Die Konsistenz des Eau de Parfums ist dabei ausgesprochen durchlässig, größtenteils luftig sowie leicht pudrig-körnig (die Formel listet Irisersatzstoffe, Heliotropin und verschiedene Moschusderivate auf). All das erzeugt bei mir einen überwiegend molekülartig-artifiziellen Geruchscharakter, bei dem in der Abstrahlung auf meiner Haut v.a. der typische, leicht stechende, kühlseifig-metallische, dezent säuerliche Aldehyd-Geruch der klassischen Aldehydgruppe C7-12 dominiert. Dass mich dieser Ton beim Tragen kaum stört, liegt an der Laurent-typisch filigranen und zurückhaltenden Abstimmung (diese wirkt allerdings nur in der Eigenwahrnehmung so, faktisch projiziert er - wie häufig von Moleküldüften gewohnt - enorm! - bei ebenso guter Haltbarkeit). Allerdings erreicht der Duft aus meiner Sicht trotzdem nicht die zweite Intention Laurents, nämlich der des Aufbrechens der weithin vorherrschenden Überzeugung einer qualitativen und geruchlichen Unterlegenheit synthetischer Duftstoffe gegenüber natürlichen. Sie wollte nämlich zeigen, dass ein durch und durch synthetisches Parfum genauso gut riechen kann wie ein mit natürlichen Inhaltsstoffen versetztes (die hier verwendeten sind der Natur identisch nachgebildete, von ihr inspirierte und von ihr völlig unabhängige). Zudem sollte es sinnlich und menschlich wirken. Ihre Bemühungen sind spürbar (nach eigenen Angaben hat sie über dreihundert Versuche bis zur endgültigen Formel benötigt), aber für mich riecht ‚L’Heure Perdue’ letztlich zu artifiziell, zu technisch und damit zu wenig lebendig und menschenzugewandt. Eingesetzt wurden für dieses erste komplett synthetische Parfum der Marke übrigens genau 23 Moleküle, die bei Interesse auf der Seite von Les Nez nachzulesen sind (auparfum.bynez.com/au-coeur-de-l-heure-perdue-de-la-coumarine-aux-methylionones,4078).

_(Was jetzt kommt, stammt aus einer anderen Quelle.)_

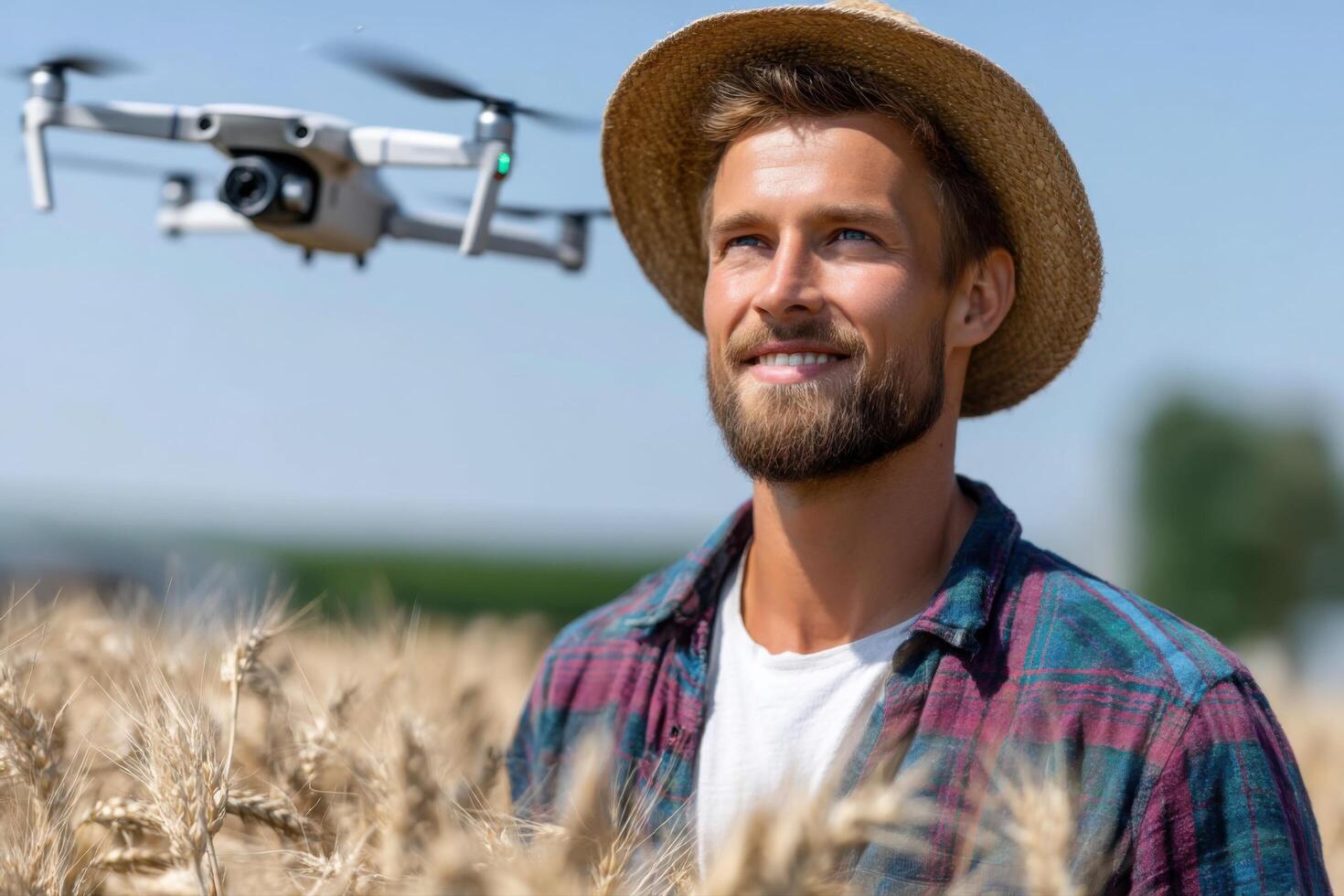 Drone Technology in Modern Agriculture A Happy Farmer Surveys His Wheat Field photo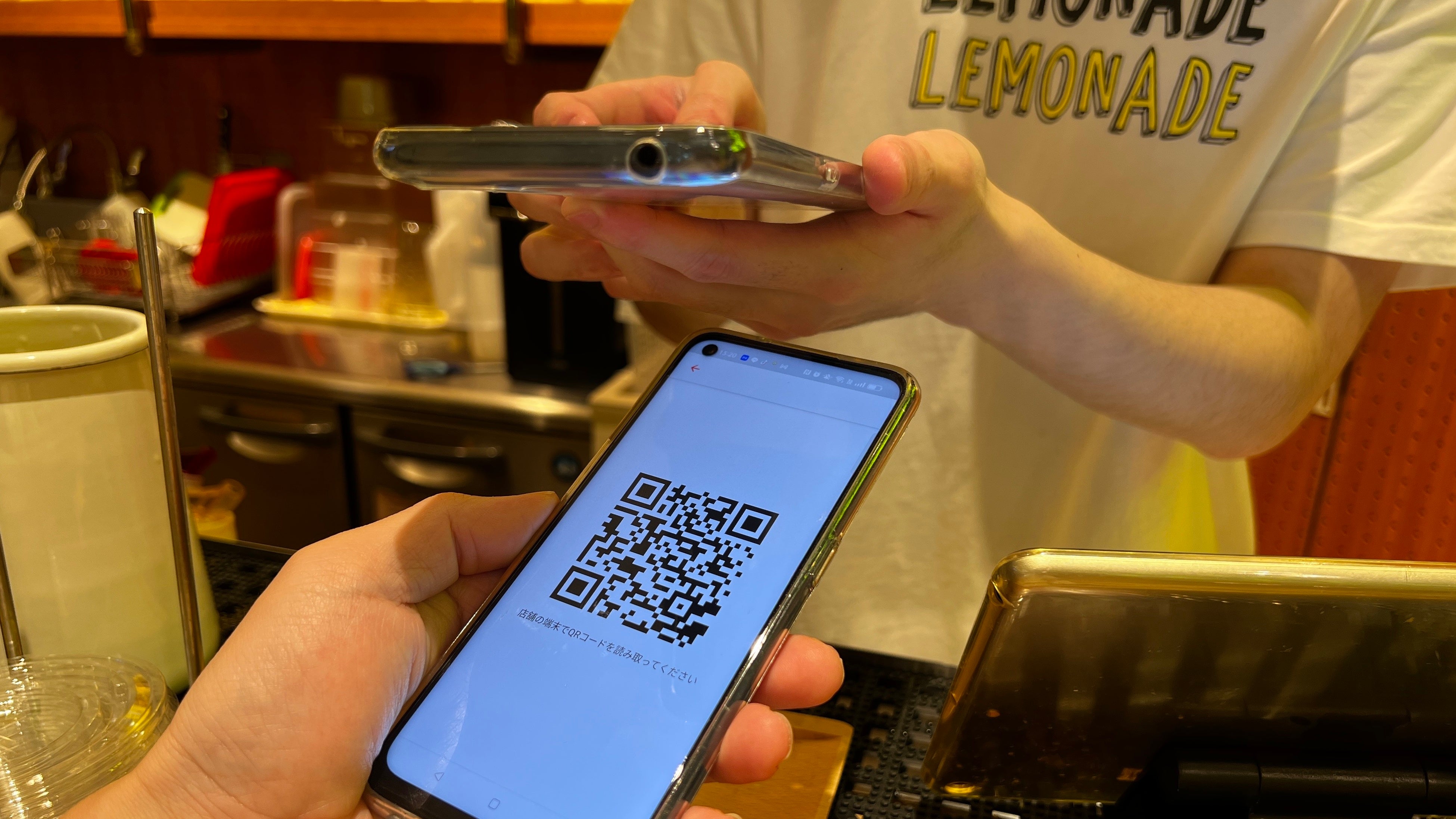 お客様側アプリのQRコードを店舗側が読み取り、決済を紐づける様子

Der Einsatz dieser Anzahl wirft auch ein Schlaglicht auch die oft sehr irreführende Handhabung offizieller Notenangaben. Die Marke listet nämlich ausschließlich Vanillin auf. Eine Dominanz dieses Moleküls, welches durch die singuläre Notenangabe suggeriert wird und laut Laurent im Mittelpunkt der Komposition steht, ist für mich allerdings nicht nachvollziehbar. Es ist allenfalls unterschwellig existent. Zumindest auf meiner Haut entwickelt der Duft kaum Süße. Auch auf Textil und Papier bleibt nur eine Ahnung davon zurück. Selbst laktotische Eindrücke, wie von Laurent wohl beabsichtigt, vermisse ich. Auf dieser Plattform wird der Duft jedoch als hauptsächlich süß charakterisiert. Ob diese Einordnung durch die offizielle Notenangabe beeinflusst ist oder mit einer Reformulierung zusammenhängt, wie es in verschiedenen Foren diskutiert wird, kann ich nur vermuten. Dort wird bei aktuellen Batches z.T. von einem erheblich luftigeren, leicht muffigen und dtl. weniger süßen Geruchsbild als bei früheren Versionen gesprochen. Das korreliert mit meinen Eindrücken und würde auch den Einsatz von Aldehyden plausibler erscheinen lassen, die in der Ursprungsformel nicht enthalten sind.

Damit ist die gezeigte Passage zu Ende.